BA set for AA tie-up 'with strings'
OFFICIALS in America are close to waving through an alliance between British Airways and American Airlines. However, approval would carry tough conditions that could bump-start next week's so-called Open Skies talks aimed at getting more competition on North Atlantic air routes.
Reports in Washington suggest the Bush Administration is set to give the alliance between America's and Europe's largest carriers anti-trust immunity, allowing them a profit-sharing deal in which they can co-ordinate prices and schedules - effectively ending competition between them.
But in return the US Department of Transportation is set to lay down what the Wall Street Journal called a whole host of conditions to ensure the freeing up of take-off and landing slots at Heathrow. This would benefit other airlines such as Continental, Delta and bmi British Midland, which have been lobbying for access to the lucrative routes between London and the US. It is assumed, however, that the conditions will be less onerous than those required by the Clinton Administration in 1998 and which led to BA and AA walking away from the proposed alliance.
A report from the US Justice Department last month indicated the deal could go through if BA and AA agreed to divest themselves of 126 weekly slots, effectively giving up nine return flights a day. The 336 divestments demanded four years ago would have resulted in the two airlines losing 24 round-trip flights a day.
A spokesman for BA said the airline could not comment on whether the alliance would go ahead until it had seen the remedies demanded by the US government. There needed to be some indication of what the terms of the BA-AA alliance would look like ahead of the Open Skies talks between Whitehall and Washington scheduled to begin on Monday, he added.
The bilateral negotiations are aimed at allowing US airlines greater access to Heathrow and beyond in return for British airlines being allowed to operate in the closed US domestic market.

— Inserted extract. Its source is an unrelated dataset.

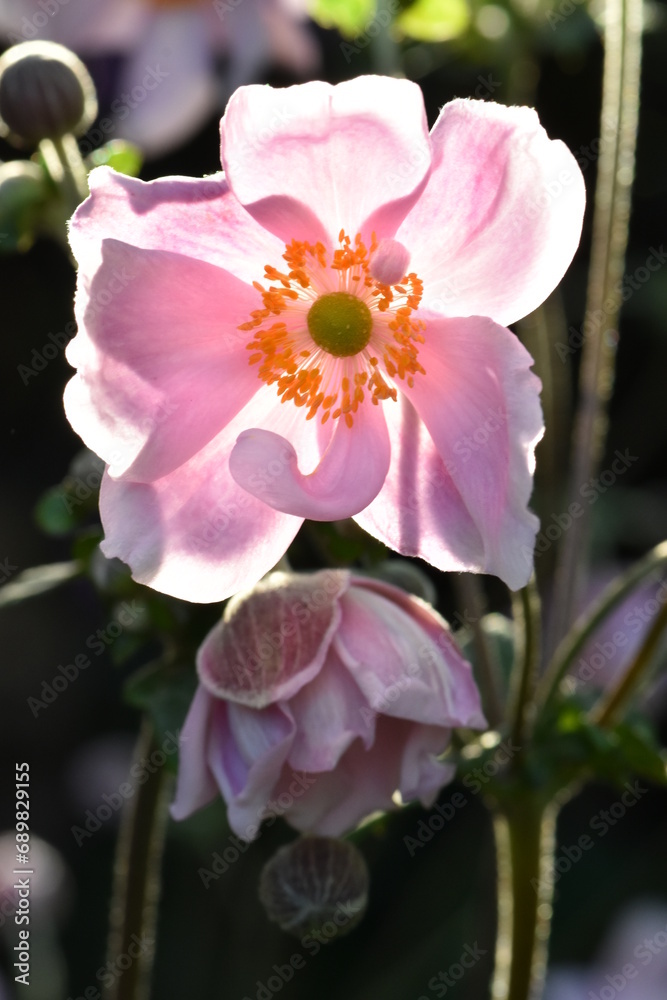 Fototapeta premium Different opening phases of Japanese windflower (anemone japonica)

The failure to come to agreement on Open Skies has been a political irritant between the two nations' governments for several years. Some argue the closeness of Prime Minister Tony Blair to President George Bush during the attacks on Afghanistan should facilitate a deal.
Elsewhere in the aviation industry, critics of a BA-AA deal, including Virgin Atlantic's Sir Richard Branson, fear the two carriers will use the 11 September terrorist attacks and subsequent collapse in North Atlantic air travel to cajole regulators into agreeing special terms for the alliance.